I use multiple VMpro servers with multiple Dxi v1000 servers:
I frequently get error "SmartMotion had stalled while copying /export/XXXX/XXXX for over 1 hour and may be hung. Please check your target storage or abort the running task. "
I can manually browse the cifs share on the Dxi
1) how can i troubleshoot this? 2) how can I cancle an individual stalled backup without aborting the whole backup policy? 3) how can I decrease this stalled timeout time? 1 hour seems excessive. Something like 30 minutes without talking to the backup device. Plenty of time for a dxi device to reboot and come back up.
Often this is triggered when the storage mount vmPRO is using on the DXi/NAS is not responding to an 'ls' command within the default 6 second timeout. There is an upcoming vmPRO release 3.1.2 which increases this timeout to 45 seconds to account for conditions where the target storage becomes unresponsive.

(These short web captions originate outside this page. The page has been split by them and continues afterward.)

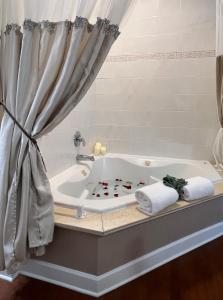 圣奥古斯丁Victorian House Bed and Breakfast的一间带浴缸和2条毛巾的浴室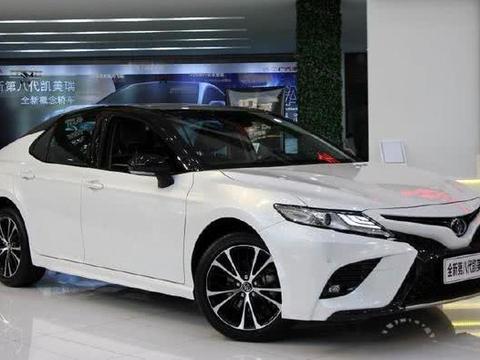 有了它还买什么凯美瑞，飞行座舱设计＋10英寸中控屏，1.5T16万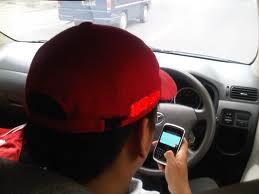 kosentrasi kurang akibat sms/telp/bbm.an saat mengemudi.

This condition can be caused by network utilization on the link/vSwitch you are using between the vmPRO and the DXi, the number of SmartMotion tasks/policies and streams you have active, and also when the V1000 is running near its maximum ingest capability for the host and datastores it is running on.
If there are multiple DXi on the same datastore/host, it may help to move them apart to separate hosts and distribute the disks on the DXi to different datastores.
Could you try reducing the number of simultaneous SmartMotion policies/tasks you are running to the same DXi and see if the condition resolves? I would also try switching to the NFS protocol for some of the jobs and see it behaves differently based on the underlying condition causing the timeout.